Added DynamicEmbedding RFC #446

divyashreepathihalli · 2023-05-16T22:40:20Z

Added DynamicEmbedding RFC

rhdong · 2023-05-17T04:23:09Z

rfcs/20230515-DynamicEmbedding.md

+       DynamicEmbedding(
+           input_dim=5,
+           output_dim=2,
+           input_length=5,


Can we support the inputs with dynamic shapes?

input to the layer can be dynamic but if you are asking if input_dim which would be same as vocabulary size - this is not dynamic.

Excellent, thank you for your answer! I would like to know what the input_dim means. From my understanding, input_dim should be less or equal to the vocabulary size, which is fixed when training going on, is it right?

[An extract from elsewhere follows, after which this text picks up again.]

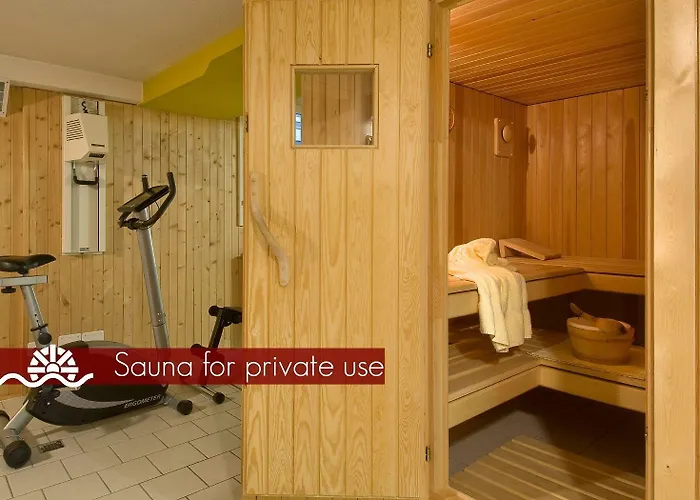 Lodge, Pool & Garden Retreat 호텔 3*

input_dim should be vocabulary size

Thank you for the clarification! If the input_dim and vocabulary size are not dynamic, some critical scenarios may not be supported. Some industrial scenarios of real dynamic embedding request the algorithm engineers to use uint64_t for the encoded features which has a possible range of [0, std::numeric_limits<uint64_t>::max]. That means the input_dim and vocabulary size should not be set cause it's almost unlimited.

@rhdong, I would like to clarify that for the layer initialization inp_dim is vocabulary size(tried to keep it consistent with the [embedding layer](https://www.tensorflow.org/api_docs/python/tf/keras/layers/Embedding#:~:text=.Embedding(-,input_dim%2C,-output_dim%2C%0A%C2%A0%20%C2%A0%20embeddings_initializer) - . The input to the layer can be of any dynamic shape.

Hi @divyashreepathihalli, thank you for your clarification. I understand now. About The input to the layer can be of any dynamic shape. it total makes sense. But I'm afraid that the input_dim setting would limit the features encoding space. In the dynamic embedding context(compared to the original static embedding in current TensorFlow), the input_dim should be std::numeric_limits<uint64_t>::max. I would try to explain it in one google doc. Before that, possibly you could refer to the TFRA API design that only the embedding_size need to be configured (similar with out_dim) https://github.com/tensorflow/recommenders-addons/blob/master/tensorflow_recommenders_addons/dynamic_embedding/python/keras/layers/embedding.py#L117

@rhdong, I would like to clarify that for the layer initialization inp_dim is vocabulary size(tried to keep it consistent with the [embedding layer](https://www.tensorflow.org/api_docs/python/tf/keras/layers/Embedding#:~:text=.Embedding(-,input_dim%2C,-output_dim%2C%0A%C2%A0%20%C2%A0%20embeddings_initializer) - . The input to the layer can be of any dynamic shape.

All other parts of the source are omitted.